Tonight I am grateful to be living within 15 minutes of each of my sisters. I have spent time every day with my sisters Ruth and Sandy, and as soon as my sister Michaele returns from traveling I plan on spending time with her too.  Of course I have to keep reminding myself that I don’t have to squeeze everything into a few days with them–this is not Christmas where I see them for a day or two or a few hours here or there before I jump back on the plane and head back to California. Now I live here, a short drive away. I am still wrapping my mind around this fact. I have been getting down the route between my sister Sandy’s house (where I’m staying until my belongings arrive from California) and my house and between Sandy’s house and Ruth’s house. Next I need to get from my house to Ruth’s house and from my house to Michaele’s house and I’ll have completed the family circuit.

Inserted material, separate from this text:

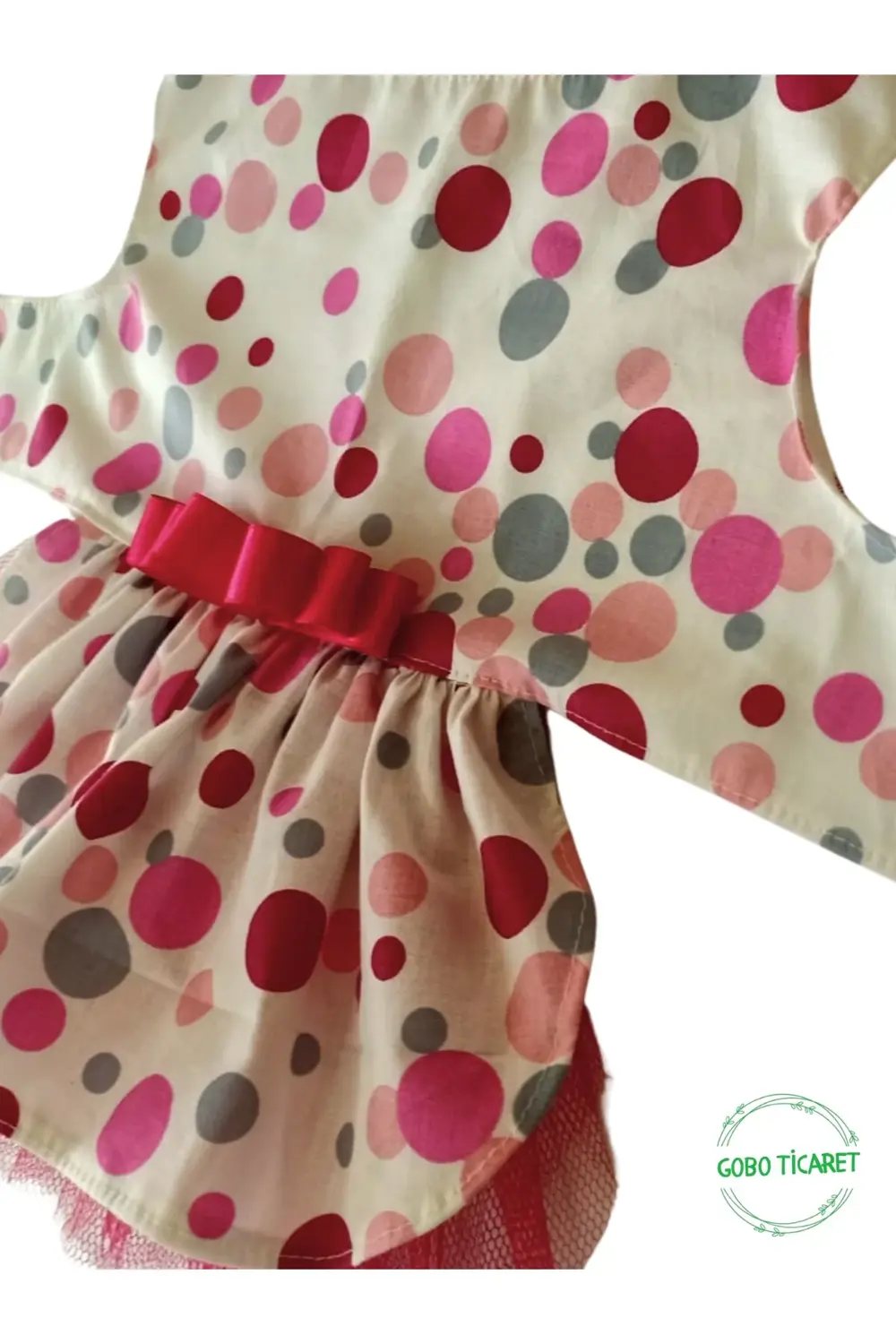 Şirin Puantiyeli Beyaz Kedi Köpek Kıyafeti Elbisesi Fuşya Fiyonkl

The other major route to get down is the one to my new job. It will be a long commute–over 25 miles each way. I have the option of taking the subway, but for starters I’m going to drive to see just how bad the traffic is. When I was in California I had a 23.5 mile commute that took me about 40 minutes in and about 60 minutes home. We’ll see how this one goes. I don’t start work for another week, so this week I plan to take a “practice” drive from my house to workplace. I’ll leave during rush hour at the time I will normally leave for work–probably around 7 a.m.–and see how long it takes me. These are the kind of things I’m thinking about at the moment. Once my job starts, I’ll have a whole new set of things to focus on.

This morning I woke a little anxious, though nothing like what I experienced throughout many months of uncertainty. I did not feel that adrenalized fire in my heart and arms and my stomach wasn’t knotted. I wondered if I’d made a good decision in choosing to live closer to my family and have a longer commute to work than living closer to work but farther away from my sisters. But the more I thought about it over the course of the day, I am confident that I made the decision that is best for me right now. It will play out in the days to come, and I’m sure I’ll have days when the long commute is wearying and irritating. But I’m confident that those times will be far overshadowed by the days when I can pop in over at one or another of my sisters’ houses just to hang out or go get coffee or spend some time working on some yard or house project with one of them.

I expect I’ll have more anxious days in the weeks ahead as I get into the flow of my new job, the commute, living in a new place, navigating my way around, etc. I still have a few financial challenges–leftovers from 18 months of unemployment–and a few things I need to work out before I can fully exhale, but I am grateful to be well on the road toward reestablishing a sense of equilibrium that has been missing for quite some time. I know that being able to hang out with my sisters is a major component of the healing process that I’m undergoing. I am grateful for being close by and having the opportunity to connect with them on a regular basis. It will no doubt be a gift that keeps on giving, and I am delighted.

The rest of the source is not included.